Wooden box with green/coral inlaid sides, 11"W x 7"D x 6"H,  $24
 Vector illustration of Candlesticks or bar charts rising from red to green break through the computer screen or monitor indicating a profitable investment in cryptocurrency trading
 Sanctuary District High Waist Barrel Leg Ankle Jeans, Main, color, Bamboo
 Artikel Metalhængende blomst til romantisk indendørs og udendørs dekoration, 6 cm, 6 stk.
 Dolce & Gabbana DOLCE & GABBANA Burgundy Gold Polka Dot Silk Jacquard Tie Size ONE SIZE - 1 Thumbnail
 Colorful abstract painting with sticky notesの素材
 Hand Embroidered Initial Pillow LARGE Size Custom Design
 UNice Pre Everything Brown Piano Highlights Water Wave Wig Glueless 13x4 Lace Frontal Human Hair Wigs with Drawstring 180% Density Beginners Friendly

◆ YOUR OBJECTIVE
Exactly those lines that run from the start of the listing to the line containing "Hand Embroidered Initial" should be output, and no others.

◆ COMPLETED EXERCISE
Wooden box with green/coral inlaid sides, 11"W x 7"D x 6"H,  $24
 Vector illustration of Candlesticks or bar charts rising from red to green break through the computer screen or monitor indicating a profitable investment in cryptocurrency trading
 Sanctuary District High Waist Barrel Leg Ankle Jeans, Main, color, Bamboo
 Artikel Metalhængende blomst til romantisk indendørs og udendørs dekoration, 6 cm, 6 stk.
 Dolce & Gabbana DOLCE & GABBANA Burgundy Gold Polka Dot Silk Jacquard Tie Size ONE SIZE - 1 Thumbnail
 Colorful abstract painting with sticky notesの素材
 Hand Embroidered Initial Pillow LARGE Size Custom Design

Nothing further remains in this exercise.